Hi! I am doing researching on SimCLR style self-supervised learning, which requires image augmentation for contrastive learning.

  • Initially, I pass the augmentation callable as the transform parameter for torchvision.dataset.CIFAR10 constructor, which does the augmentation on cpu. I found data loading is the bottleneck for training speed.
  • I then noticed that after torchvision 0.8.0, we are able to integrate augmentation function, inheriting nn.Module , as part of the cuda routine. This gives me around 50% speed up. I did
from torchvision import transforms as T
transforms = nn.Sequential(
  • I kept investigating this a little bit more. Some weird things happen.
    – If I only do augmentation, it runs in less than 1 minute
    – If I only train the model (doubling the batchsize, like contrasting), it runs in less than 1 minute
    – But If I do augmentation then train the model, it immediately drops to 10 minute
    Implementation of the augmentation callable shown below and snapshots
    (sorry for putting everything in one pic, I’m new here. I am not allowed to upload multiple images. lol)
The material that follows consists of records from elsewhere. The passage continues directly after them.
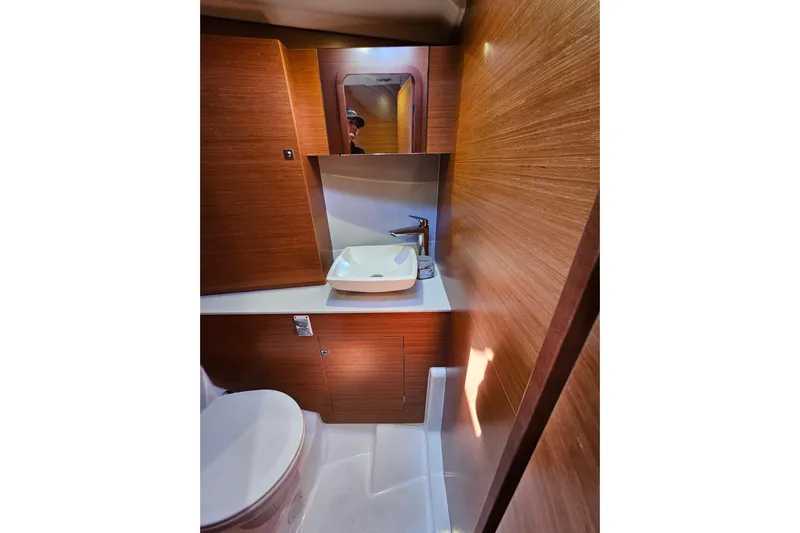 Send Me Yacht Photos Pics Luxurious bathroom in 2018 Dufour 460 Grand Large yacht with modern fixtures and wood paneling.
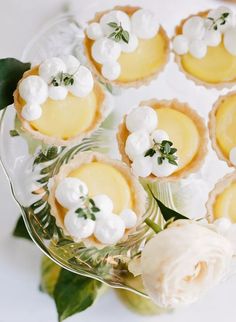 small desserts are arranged on a glass platter with flowers and leaves around them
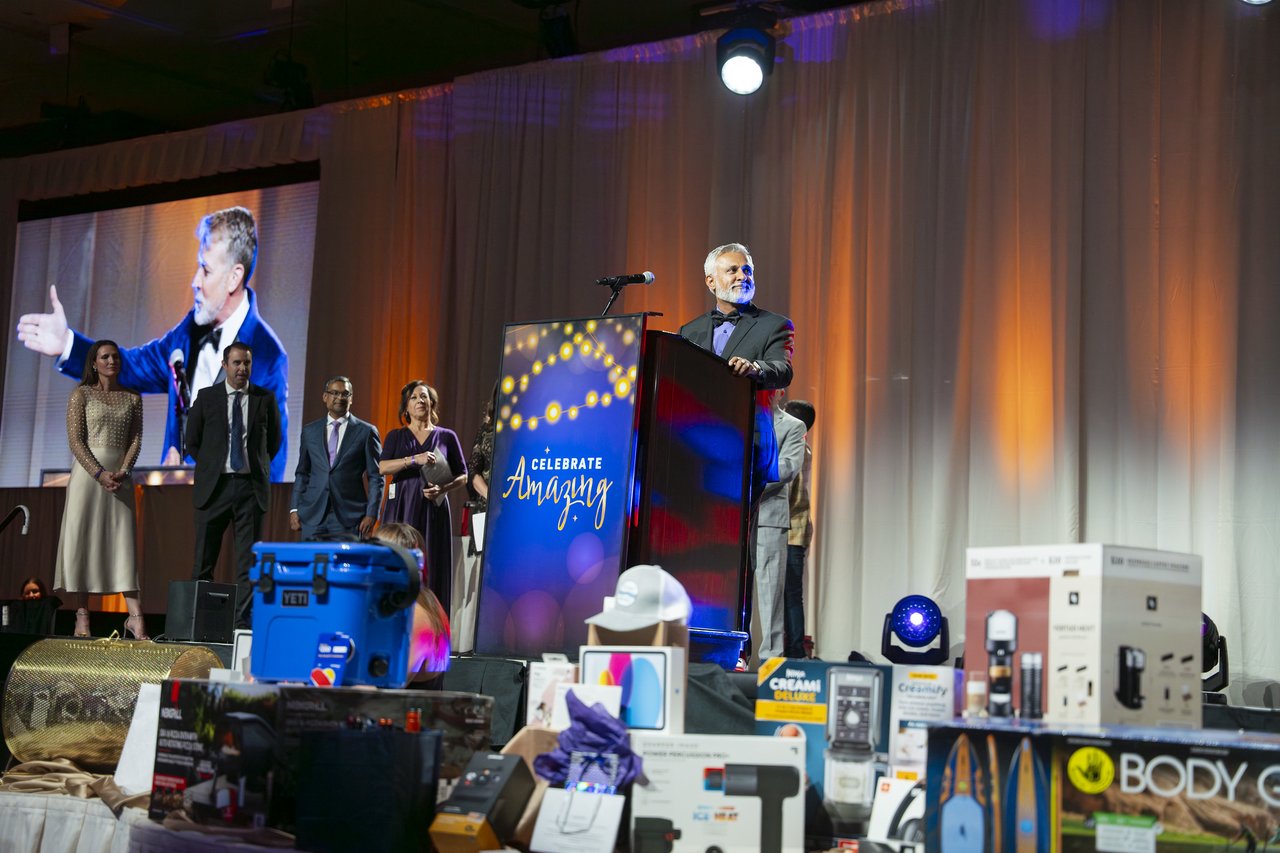 The host pointing on the big screen above the prize table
I’ve done some preliminary check, torch profiling. Everything looks good. I profiled train after augmentation for one batch, it takes 300ms to finish

I’ve also checked that it is not a tqdm estimating issue by training through a full epoch. Any hints on why this might happen. I run those codes on colab GPU runtime (Tesla T4)

How is the timing done per iteration? I’m curious if there are torch.cuda.synchronize() calls before timing is started and before timing is stopped as otherwise the measurements could be incorrect.

Additionally, is/are the size(s) of your input(s) comparable with and without augmentation?